Plusieurs journalistes du magazine ne sont d'ailleurs pas convaincus par les arguments de la direction de France Télévisions. "Le reportage était juridiquement béton. On a même retourné exprès des séquences pour respecter, à la minute près, l'égalité des temps de parole", précise un reporter de l'émission présentée par Tristan Waleckx. Déjà déprogrammé par le passé, le sujet de jeudi ne devait en effet pas les respecter initialement puisqu'il aurait dû être diffusé en période de simple équité.
"Si le problème réside dans le peu de temps dont disposeraient les candidats pour répondre au reportage - 24 heures quand même - pourquoi avoir attendu deux jours avant sa diffusion pour s'en préoccuper ? C'est une impréparation inédite !", tacle-t-on dans les couloirs du magazine. La rédaction de "Complément d'enquête" a d'ailleurs décidé d'alerter la Société des journalistes (SDJ) de France 2, qui a demandé dans la foulée à rencontrer Delphine Ernotte, la présidente du groupe public.
Certains journalistes de France 2 n'hésitent pas non plus à faire le lien entre cet épisode et le refus d'Emmanuel Macron de venir dans "Elysée 2022" ce soir. "Le président de la République n'a visiblement pas aimé certains sujets de 'Complément d'enquête'", glisse un reporter, en référence à des articles parus hier dans "Le Parisien" et "Télérama" sur les motivations éventuelles de la décision du chef de l'Etat. "Concomitante, même si elle n'est peut-être pas liée, la décision d'aujourd'hui de la direction apparaît forcément maladroite et interroge sur un risque d'instrumentalisation politique", ajoute-t-il.
"C'est dommage parce que la direction actuelle nous offre vraiment une totale indépendance", regrette une journaliste de "Complément d'enquête". Et de se féliciter de la bonne santé actuelle du magazine, dont les enquêtes "poil à gratter" ont régulièrement signé de belles audiences depuis le début de saison.

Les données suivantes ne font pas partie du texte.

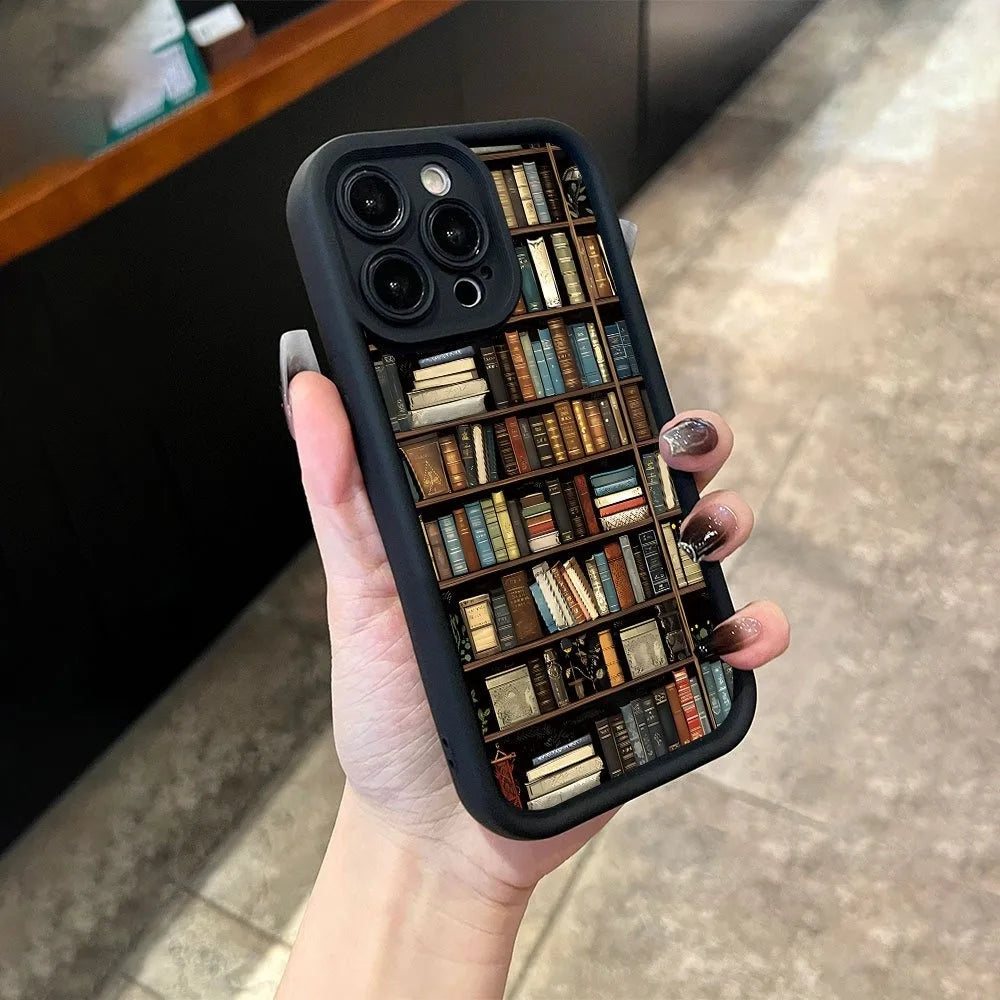Bookshelf Pattern Phone Case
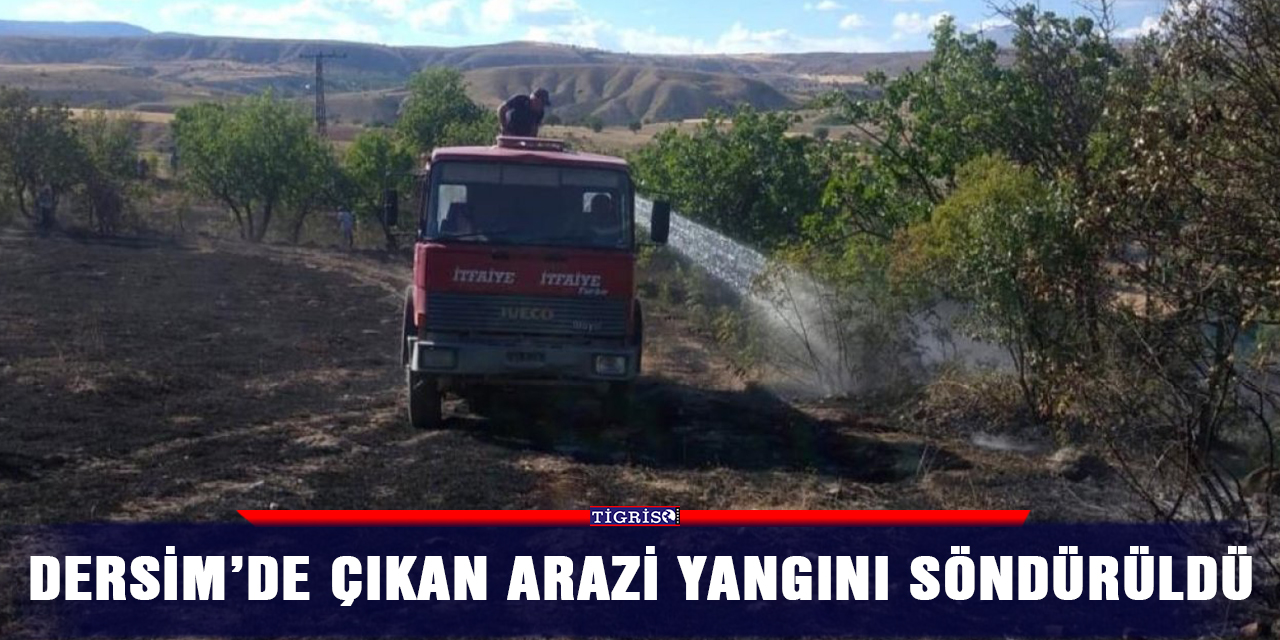 Dersim’de çıkan arazi yangını söndürüldü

La question posée est maintenant celle de la date définitive de diffusion de "Big data : Quand les politiques nous ciblent !". Certains membres de la rédaction de "Complément d'enquête" espèrent encore pouvoir convaincre la direction de France Télévisions de le reprogrammer avant le 5 mai, le premier jeudi de l'entre-deux-tours, le 14 avril. "Un sujet c'est aussi un timing. Il y a certes encore les législatives en juin mais c'est dommage que ce sujet ne participe pas au débat électoral autour de la présidentielle", glisse-t-on dans les couloirs du magazine.